Supplied records:
■ ■ ■ ■ ■ ■ ■

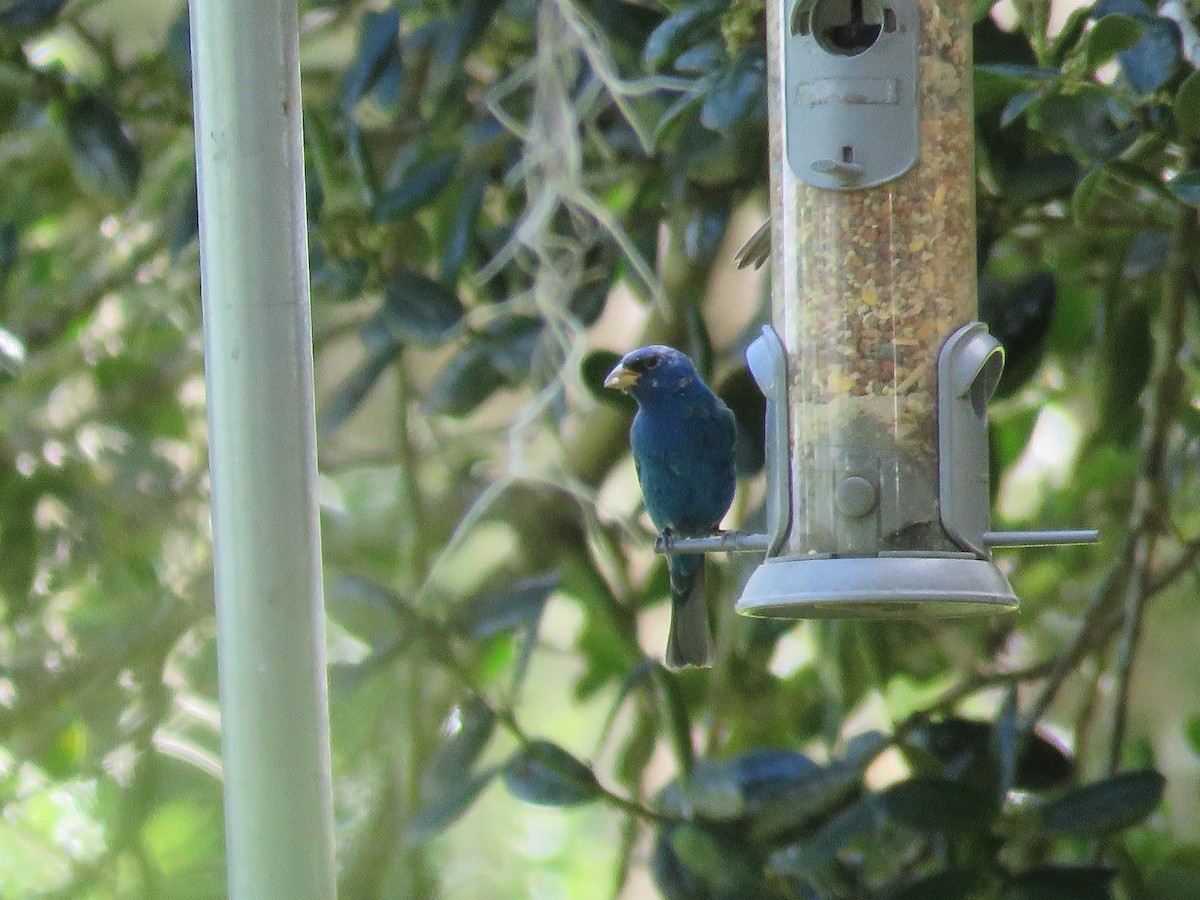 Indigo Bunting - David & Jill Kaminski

■ ■ ■ ■ ■ ■ ■

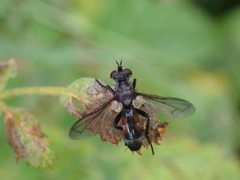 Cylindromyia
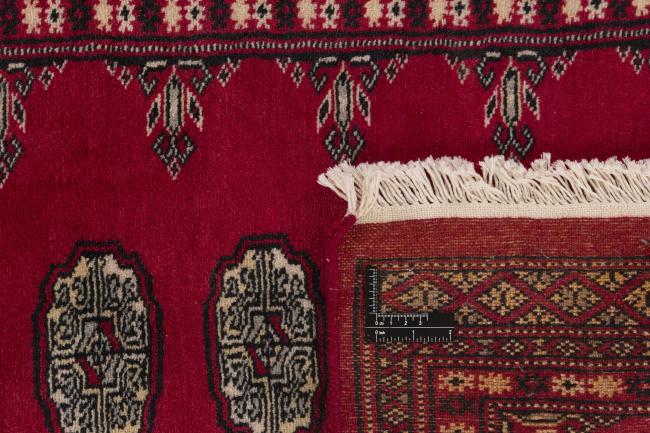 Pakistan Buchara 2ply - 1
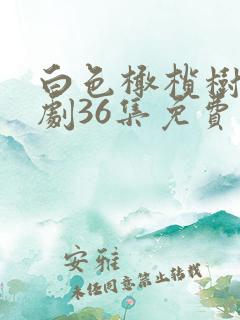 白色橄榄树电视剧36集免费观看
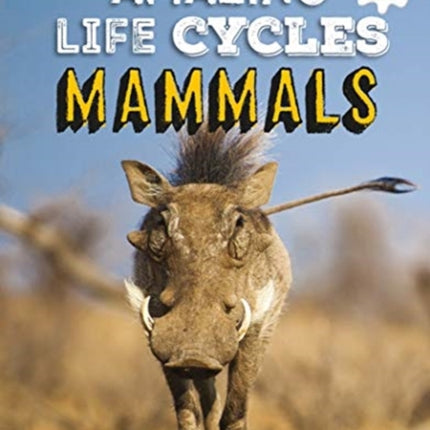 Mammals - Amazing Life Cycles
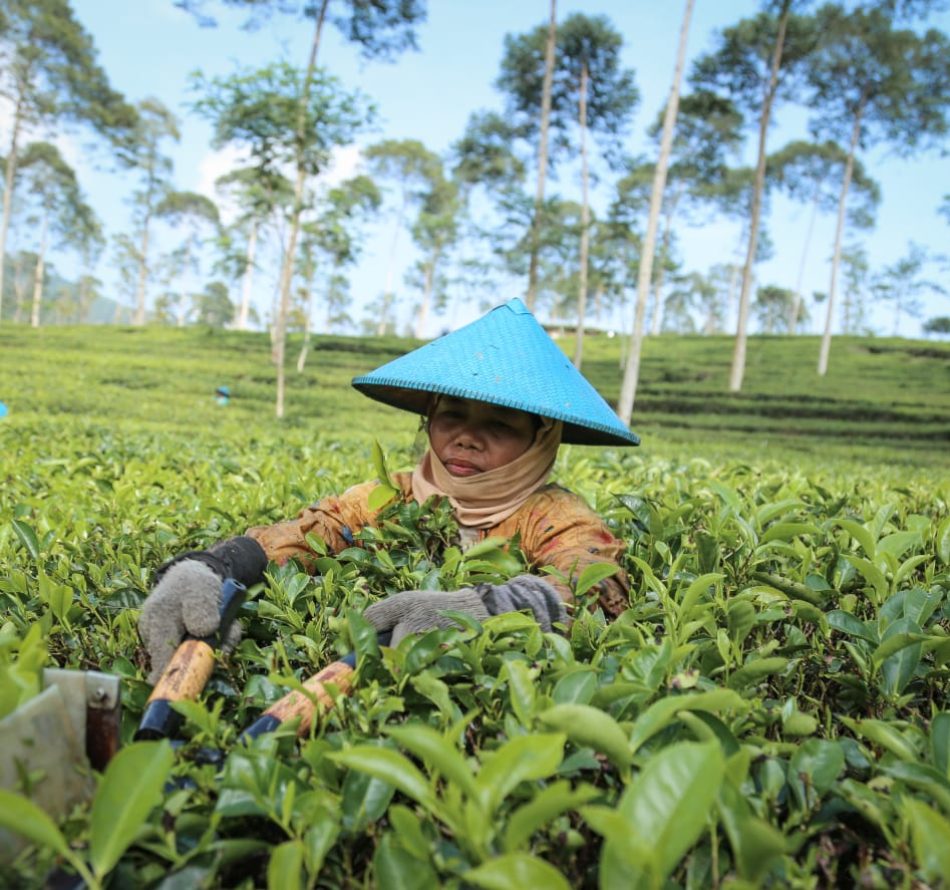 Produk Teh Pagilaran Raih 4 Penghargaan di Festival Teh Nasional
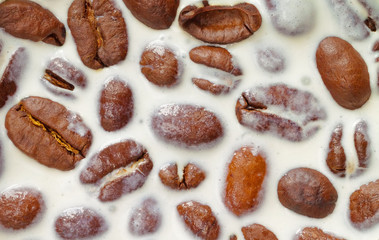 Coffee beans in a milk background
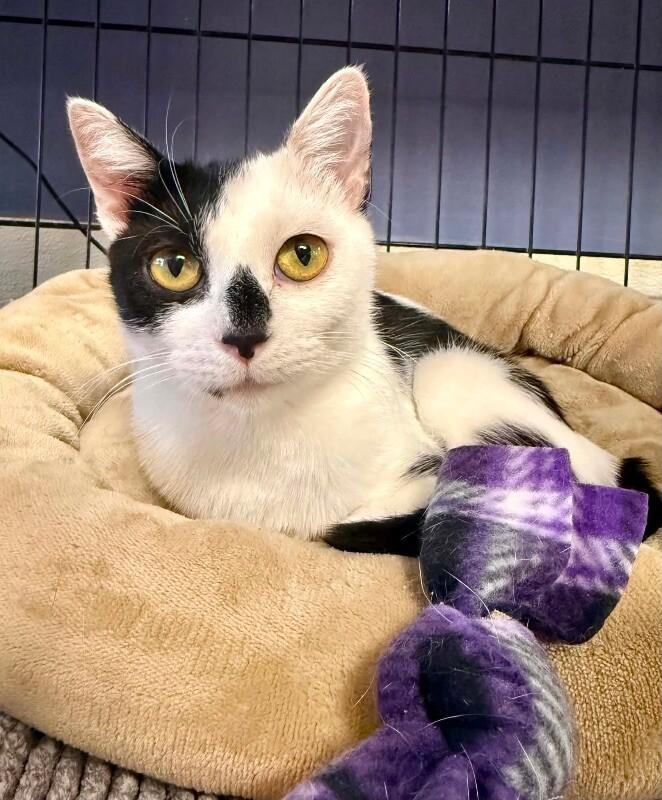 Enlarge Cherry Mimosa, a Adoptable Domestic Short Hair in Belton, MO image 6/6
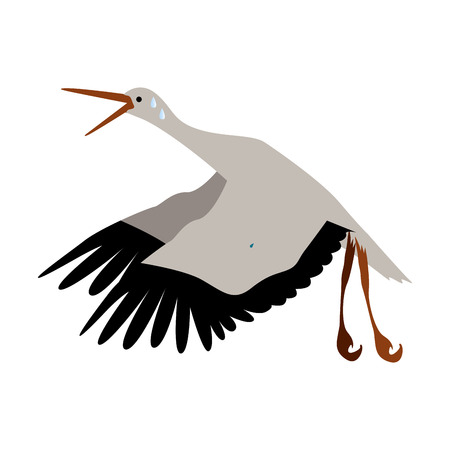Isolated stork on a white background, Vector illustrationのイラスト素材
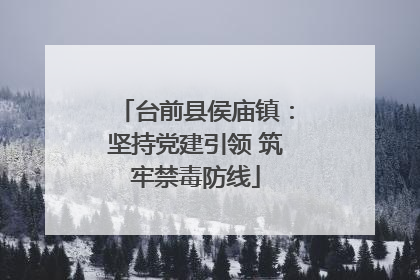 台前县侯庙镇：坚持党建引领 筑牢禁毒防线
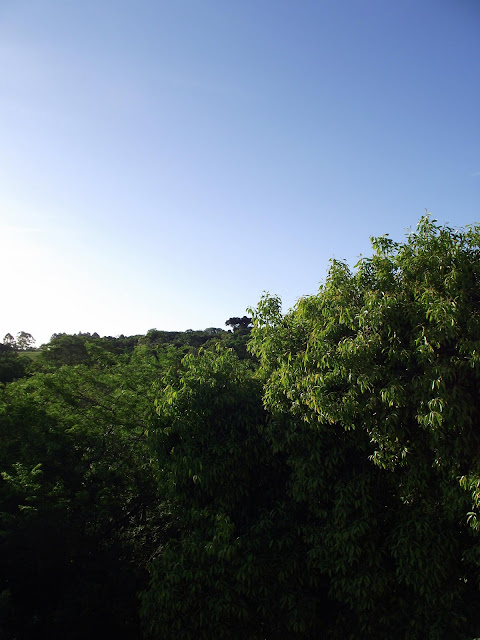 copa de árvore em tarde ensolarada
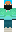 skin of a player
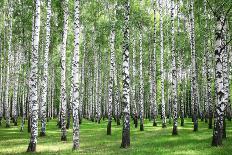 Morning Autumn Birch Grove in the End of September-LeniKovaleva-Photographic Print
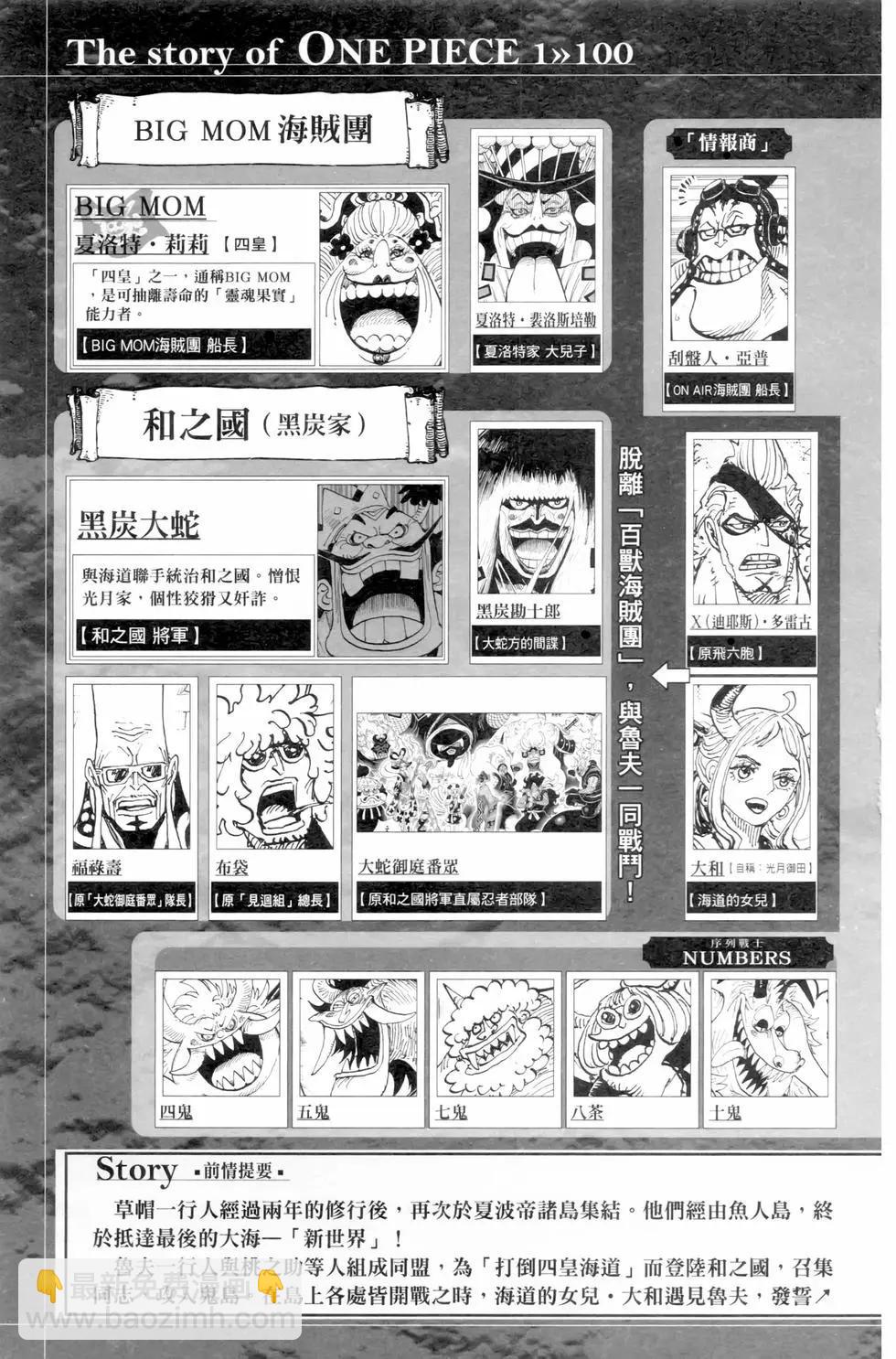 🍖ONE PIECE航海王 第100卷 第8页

■ ■ ■ ■ ■ ■ ■

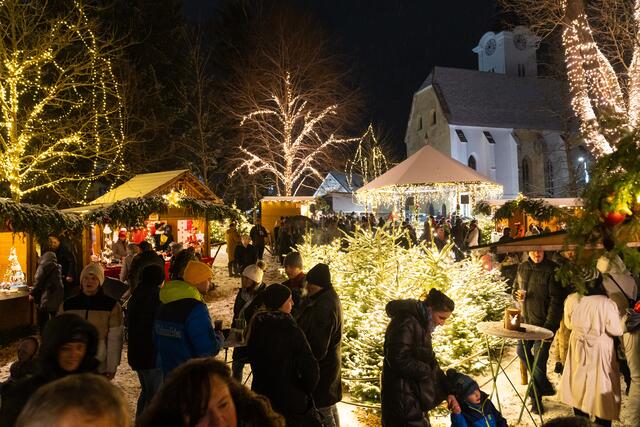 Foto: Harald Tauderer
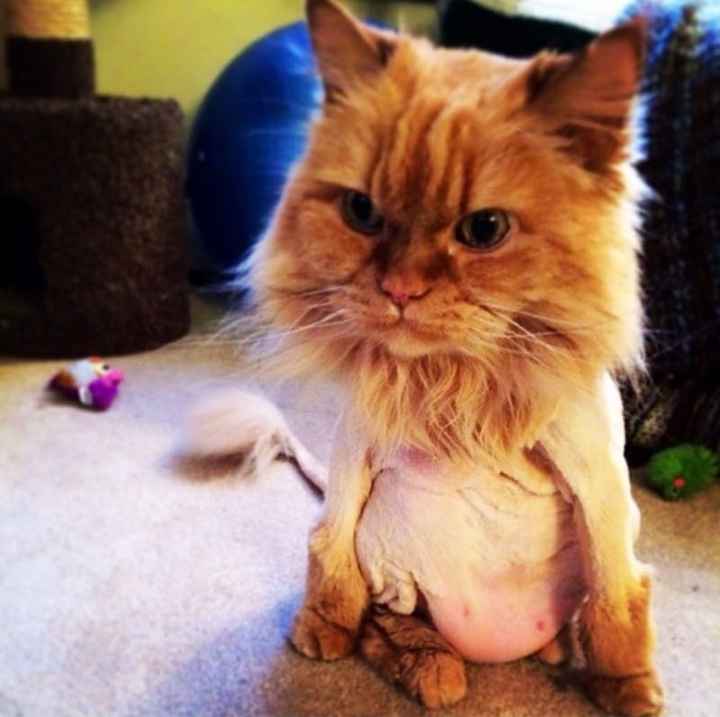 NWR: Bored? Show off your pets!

■ ■ ■ ■ ■ ■ ■

Problem statement: Your answer is the exact run of lines above from the one with "Cylindromyia" through the one with "skin of a player", both ends included, minus any picture.

Result for this task:
 Cylindromyia
 Pakistan Buchara 2ply - 1
 白色橄榄树电视剧36集免费观看
 Mammals - Amazing Life Cycles
 Produk Teh Pagilaran Raih 4 Penghargaan di Festival Teh Nasional
 Coffee beans in a milk background
 Enlarge Cherry Mimosa, a Adoptable Domestic Short Hair in Belton, MO image 6/6
Isolated stork on a white background, Vector illustrationのイラスト素材
 台前县侯庙镇：坚持党建引领 筑牢禁毒防线
 copa de árvore em tarde ensolarada
 skin of a player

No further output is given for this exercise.